▼▼▼
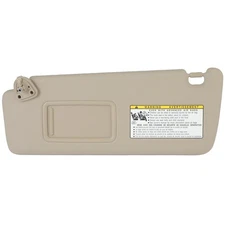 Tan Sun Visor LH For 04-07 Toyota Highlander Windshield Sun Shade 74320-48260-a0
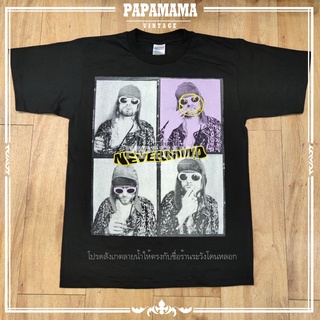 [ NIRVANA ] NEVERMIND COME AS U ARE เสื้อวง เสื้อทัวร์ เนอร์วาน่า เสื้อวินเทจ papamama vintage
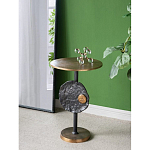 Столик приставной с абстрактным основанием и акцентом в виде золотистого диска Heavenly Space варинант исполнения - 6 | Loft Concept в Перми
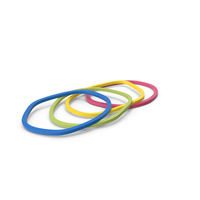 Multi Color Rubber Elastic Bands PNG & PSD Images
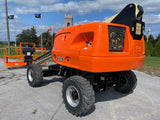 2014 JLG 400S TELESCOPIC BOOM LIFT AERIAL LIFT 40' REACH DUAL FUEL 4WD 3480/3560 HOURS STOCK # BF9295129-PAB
▲▲▲
Assignment:
Copy all entries exactly; skip pictures.

Reply to the task:
 Tan Sun Visor LH For 04-07 Toyota Highlander Windshield Sun Shade 74320-48260-a0
 [ NIRVANA ] NEVERMIND COME AS U ARE เสื้อวง เสื้อทัวร์ เนอร์วาน่า เสื้อวินเทจ papamama vintage
 Столик приставной с абстрактным основанием и акцентом в виде золотистого диска Heavenly Space варинант исполнения - 6 | Loft Concept в Перми
 Multi Color Rubber Elastic Bands PNG & PSD Images
 2014 JLG 400S TELESCOPIC BOOM LIFT AERIAL LIFT 40' REACH DUAL FUEL 4WD 3480/3560 HOURS STOCK # BF9295129-PAB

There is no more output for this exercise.